Still, she wanted Jason next to her, helping her. Even if a big, terrible secret was hovering between them, she needed her brother, whatever comfort he could provide. But they’d barely spoken since that Labor Day weekend a year ago. He’d reverted into the same bad, jaded, hazy Jason from before. And as much as Alexa knew Jason might never forgive her for what she’d done to their parents, she wasn’t sure she could ever forgive Jason for his distance, his coldness. Alexa was indeed very much alone as she sat in the waiting room, looking at Scott, who was now rocking back and forth, one knee bouncing up and down, the laces on his beat-up sneaker thwacking away.

She wasn’t sure why, but she reached a hand out and placed it on Scott’s shoulder, gave it a little reassuring rub. He stopped rocking and looked up at her, gave her that same weary, sheepish crinkle of a smile.

Alexa smiled back and Scott sat up, rubbed his eyes. “Should we see if Dolores Umbridge over there can tell us anything new?” he asked, gesturing toward Mary Oakes. Alexa was about to say yes, but then Mary Oakes turned and disappeared once again behind the swinging doors. “Great,” he said with a sigh.
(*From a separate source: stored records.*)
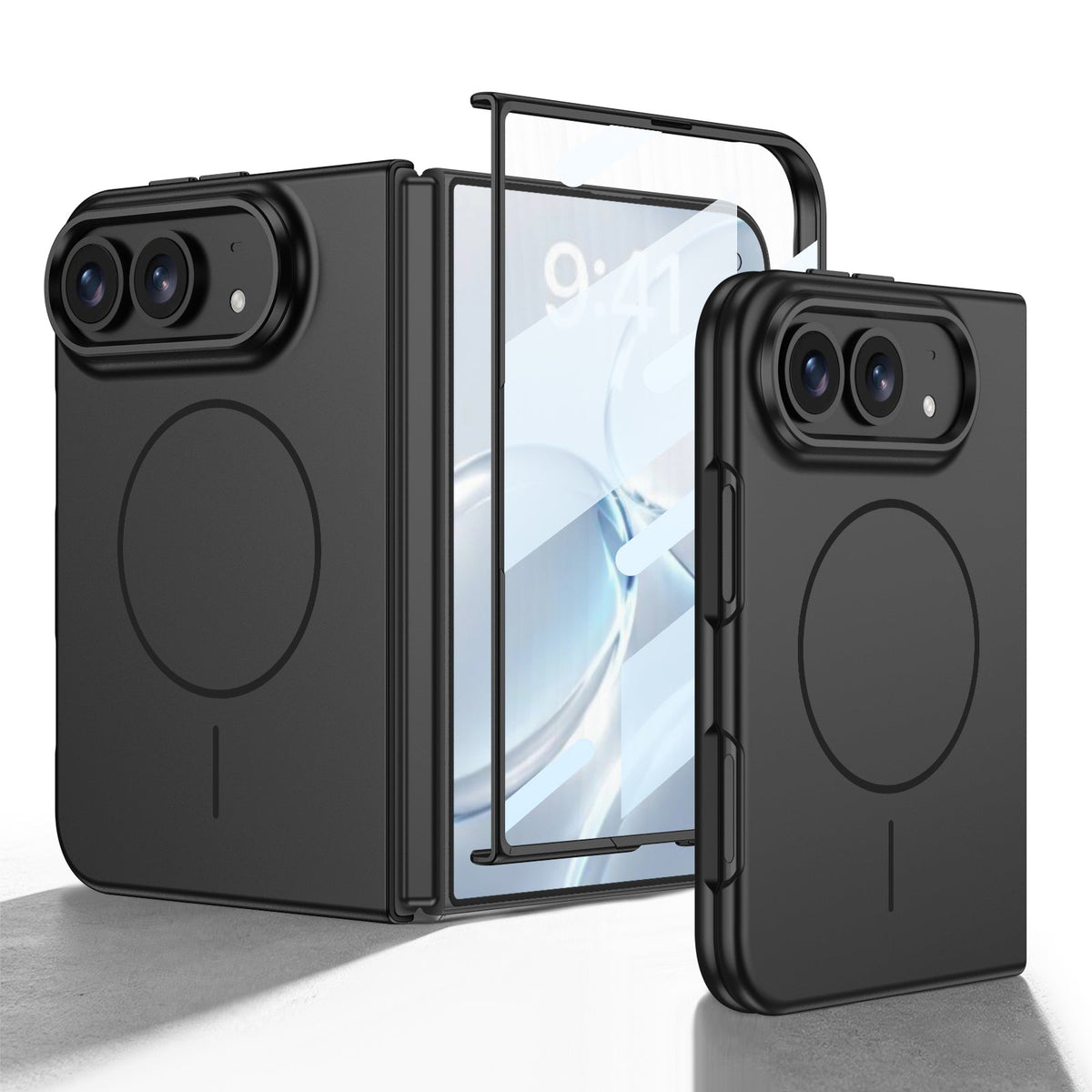 iPhone Duo | Slim Full?Coverage Phone Case Built-in Tempered Glass Film & Magnetic Ring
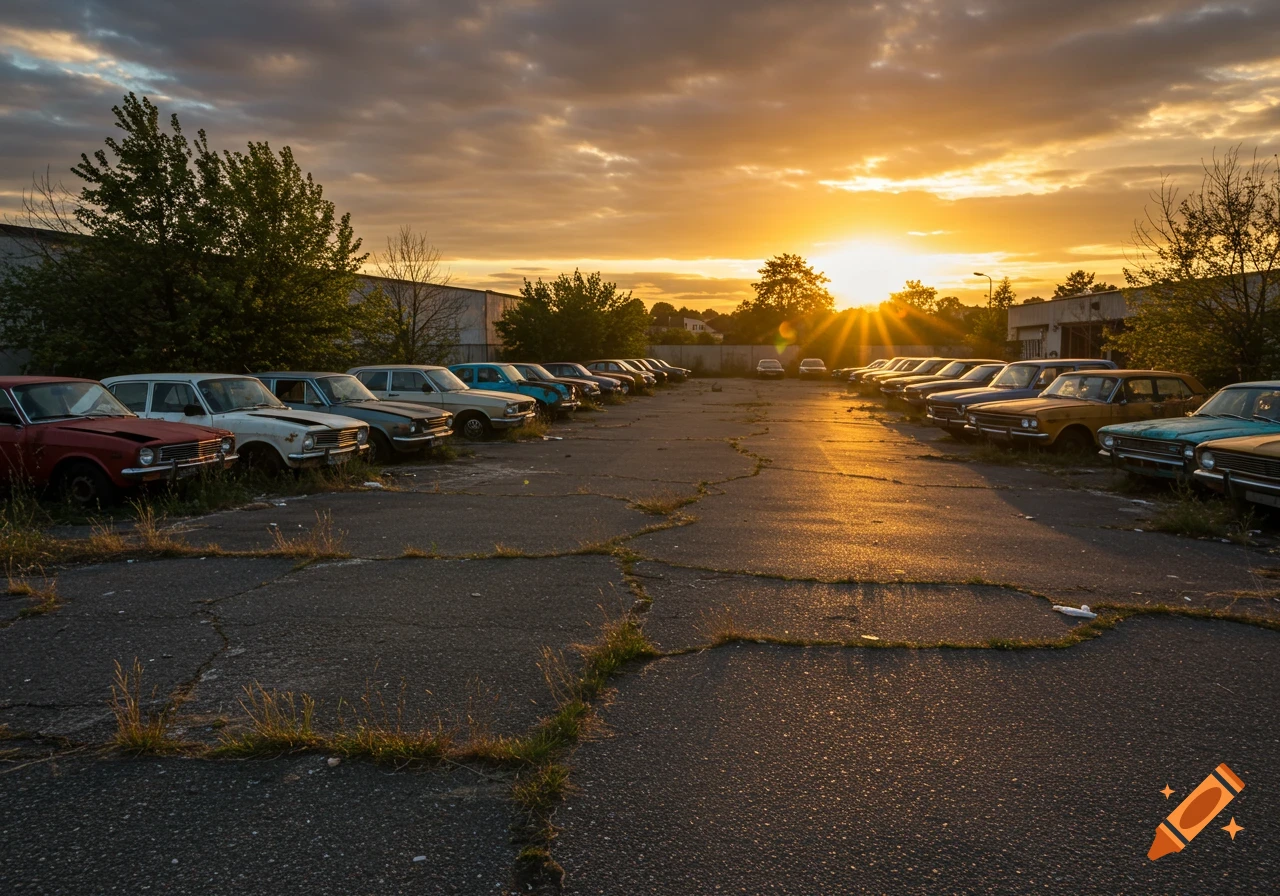 Abandoned cars in a cracked parking lot at sunset, with golden light reflecting off the pavement.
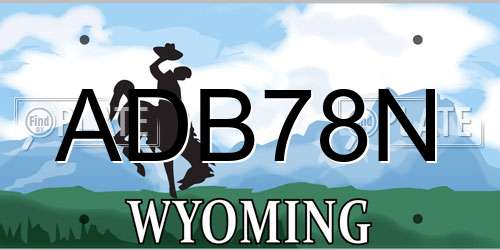 ADB78N Wyoming License Plate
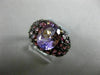 ANTIQUE LARGE 4.72CT AAA ROUND PINK GARNET & OVAL AMETHYST 14KT YELLOW GOLD RING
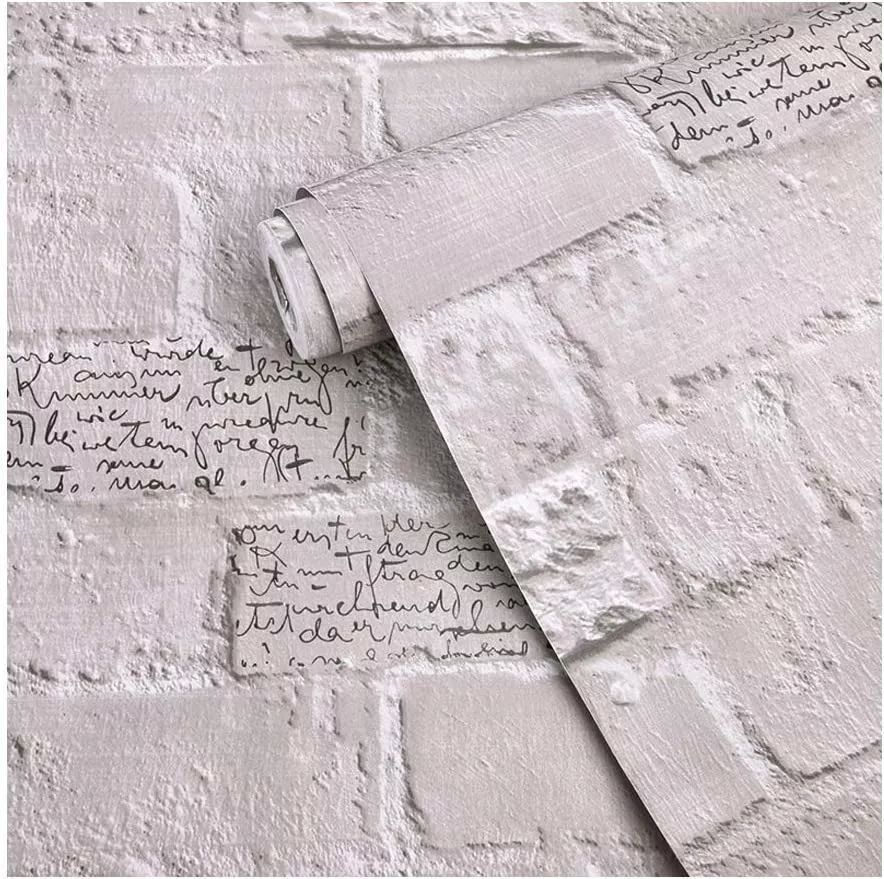 Papel Tapiz Adherible Ladrillo Gris Oscuro 10m X 45cm Tp77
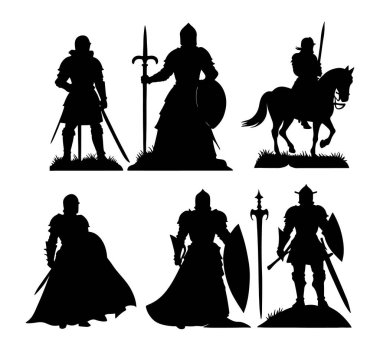 Ortaçağ savaşçısı, şövalye, şövalye ve kılıç. Beyaz arkaplanda izole edilmiş vektör illüstrasyonu.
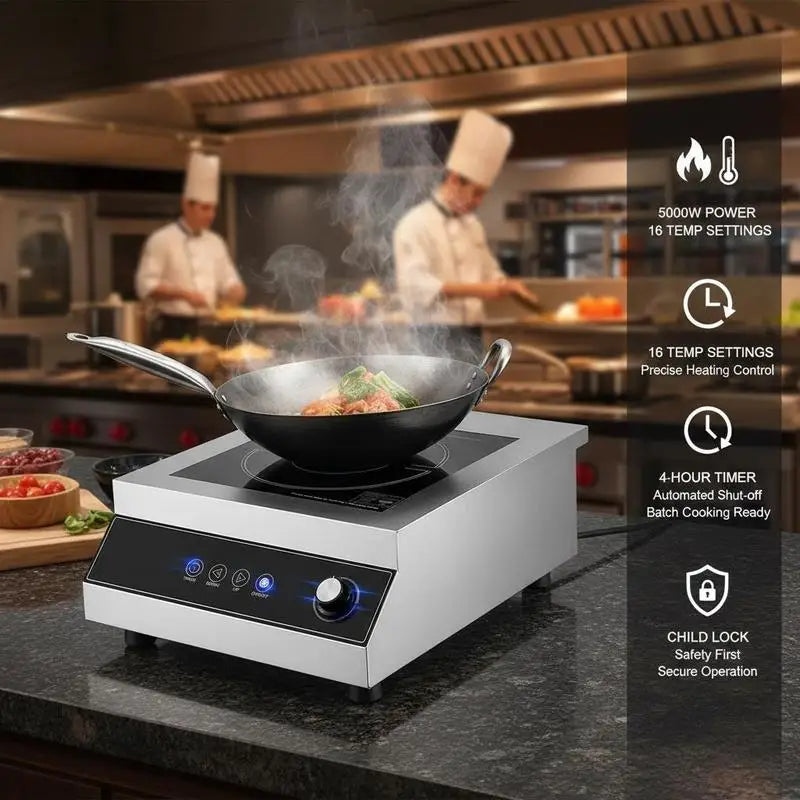 Portable Induction Cooktop, 5000W Commercial Induction Burner with 16 Temperature Settings, Stainless Steel Countertop Induction Hot Plate with 4H Timer, Child Lock, for Restaurant Cooking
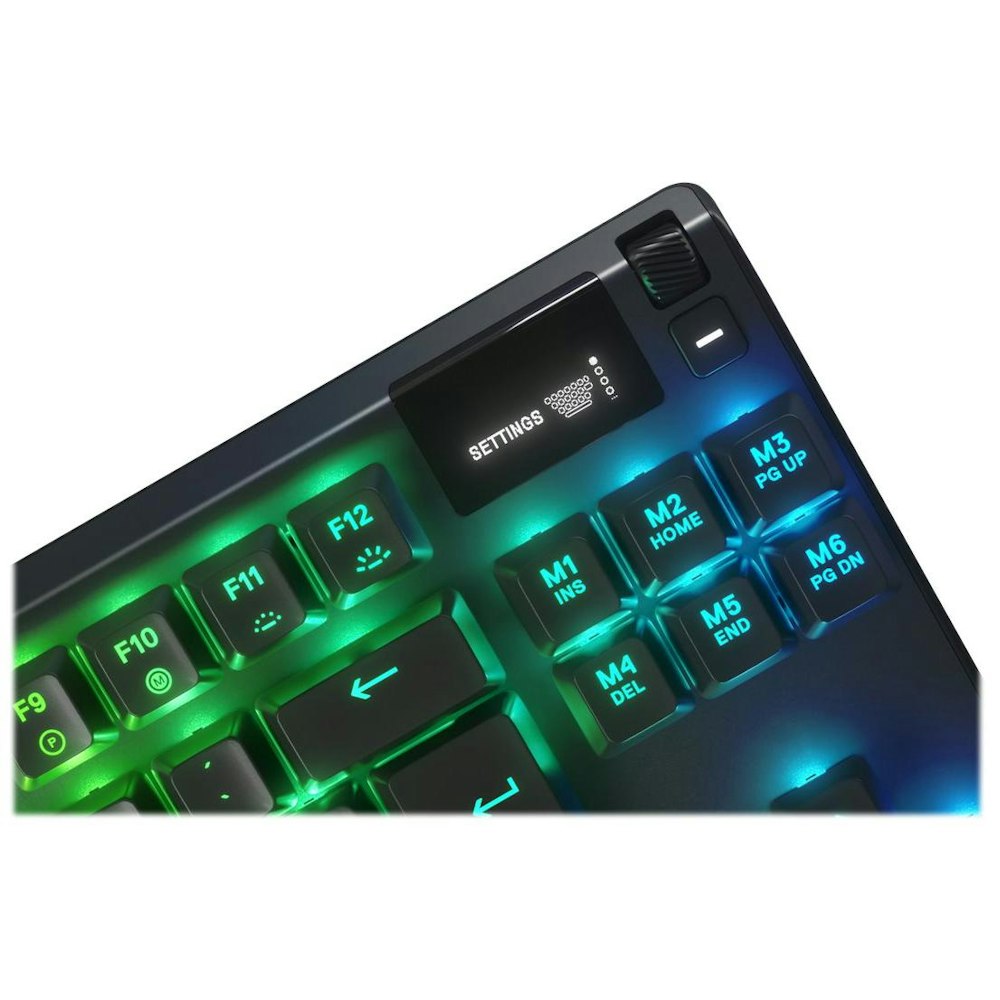 new steelseries apex pro tkl 2023 ed.- world's fastest mechanical gaming  keyboard - adjustable actuation - esports tenkeyless - oled screen - rgb -  pbt keycaps - usb-c,black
Scott pulled his hood up and leaned his head back against the wall. Alexa sat back too, staring up at the stained white ceiling. They sat there like that in silence, the panic of the scene around them fading just for the moment.

After a minute or two, Scott sat up and turned to Alexa. “So wait, like, not even a prom?”

And they both laughed, together.





Chapter Four


    Scott



SCOTT AND AIMEE had been dating for about a year when Aimee started seriously talking about colleges. It was the beginning of her junior year and Scott’s sophomore year, and though Scott had always known this was coming, that Aimee would eventually start to make plans for leaving Boston—and him—behind, it still shocked him how sad and scared it made him feel when the day actually arrived. The thud of what he always knew would someday happen: that people were going to leave and he’d be stuck in Newton, with his parents, just like they had been stuck in Newton with their parents. But he tried not to show it, listening to Aimee as she listed dream schools and safeties, maybe nodding a little more enthusiastically when she mentioned schools that were closer to home.